Exercise goal
Pictures excluded, output the lines of the data below between the one holding "Belfort Ruins or" and the one holding "BEDELITE Satin Sheets", inclusive, exactly as they stand.

Dataset records
□ □ □ □ □ □ □

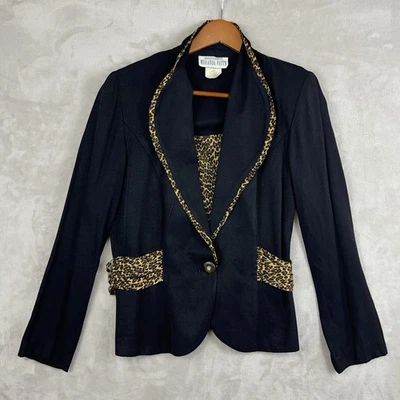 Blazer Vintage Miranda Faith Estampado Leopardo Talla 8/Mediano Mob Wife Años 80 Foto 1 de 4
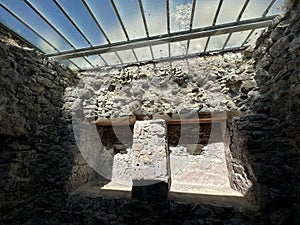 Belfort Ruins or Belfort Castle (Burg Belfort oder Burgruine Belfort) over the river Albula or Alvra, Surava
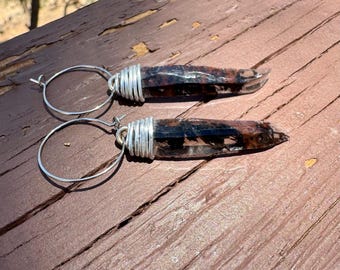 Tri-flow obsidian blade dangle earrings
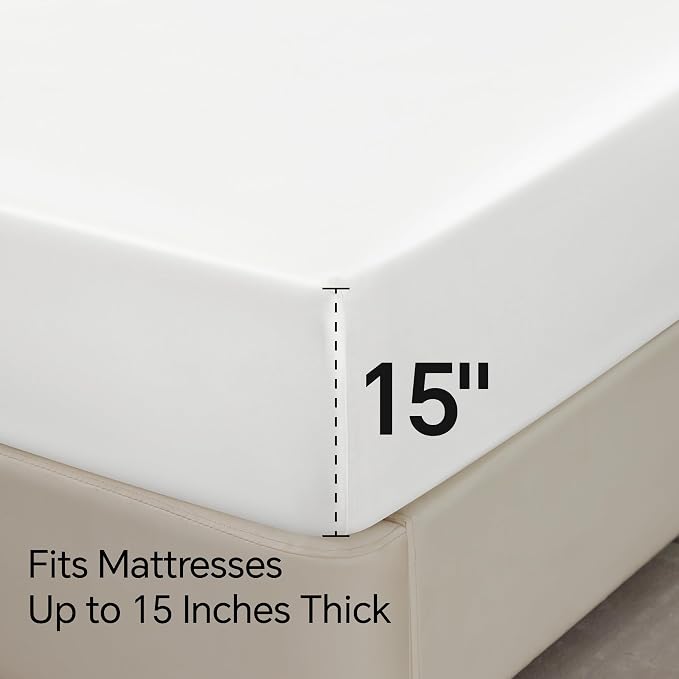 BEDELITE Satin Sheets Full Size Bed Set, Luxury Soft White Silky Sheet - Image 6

□ □ □ □ □ □ □

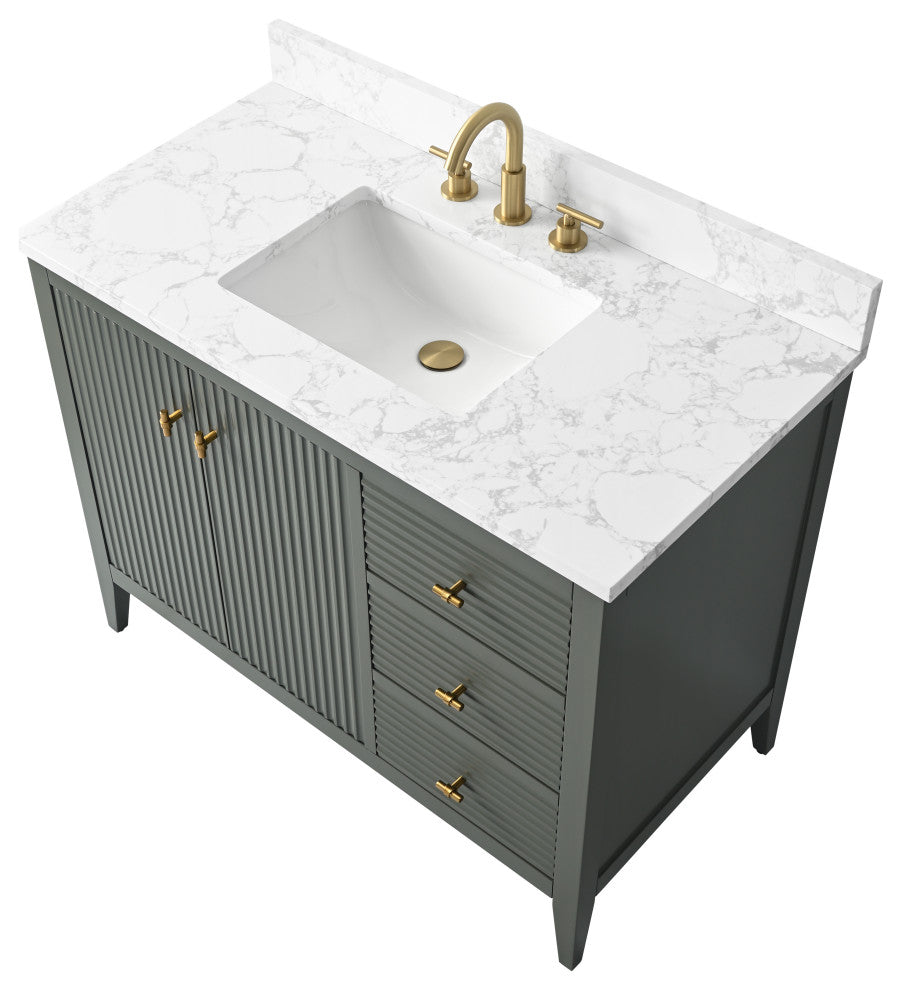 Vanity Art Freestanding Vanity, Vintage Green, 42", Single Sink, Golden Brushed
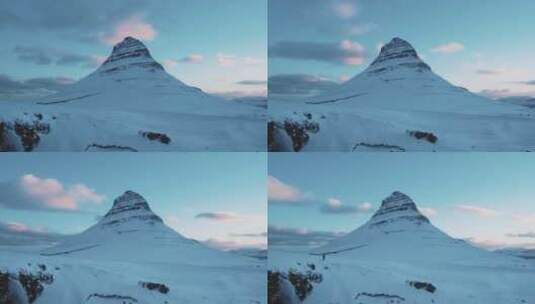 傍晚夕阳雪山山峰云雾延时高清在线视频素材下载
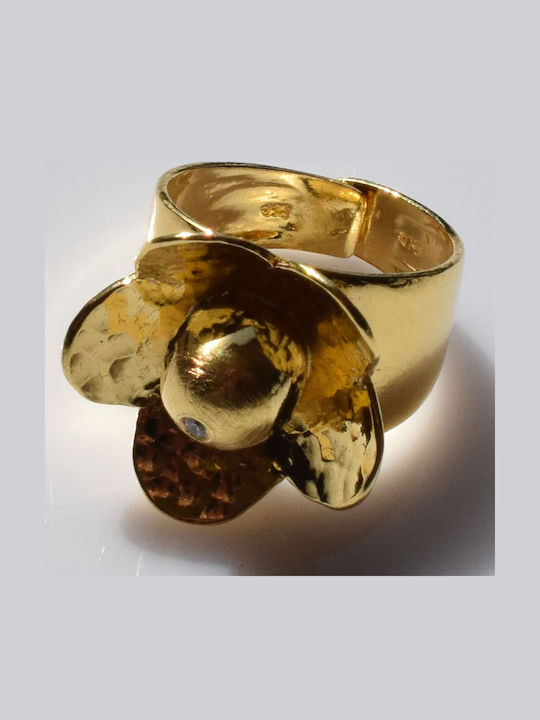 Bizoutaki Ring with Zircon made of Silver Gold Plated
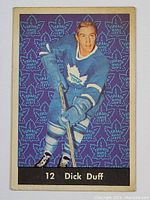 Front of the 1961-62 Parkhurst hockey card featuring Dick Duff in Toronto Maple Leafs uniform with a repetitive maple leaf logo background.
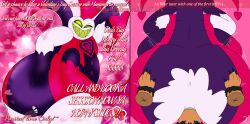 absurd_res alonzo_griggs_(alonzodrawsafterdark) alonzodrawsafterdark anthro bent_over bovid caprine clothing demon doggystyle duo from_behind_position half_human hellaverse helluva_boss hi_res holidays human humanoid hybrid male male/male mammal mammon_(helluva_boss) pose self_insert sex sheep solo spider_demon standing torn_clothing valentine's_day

□ □ □ □ □ □ □

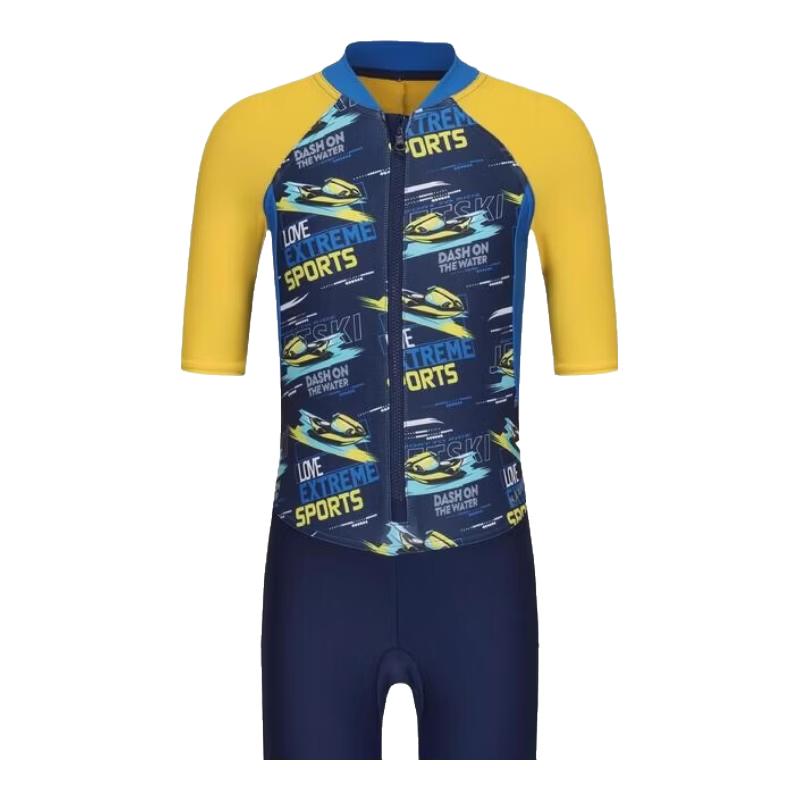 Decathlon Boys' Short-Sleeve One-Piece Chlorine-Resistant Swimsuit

□ □ □ □ □ □ □

Solution to the problem
 Belfort Ruins or Belfort Castle (Burg Belfort oder Burgruine Belfort) over the river Albula or Alvra, Surava
 Tri-flow obsidian blade dangle earrings
 BEDELITE Satin Sheets Full Size Bed Set, Luxury Soft White Silky Sheet - Image 6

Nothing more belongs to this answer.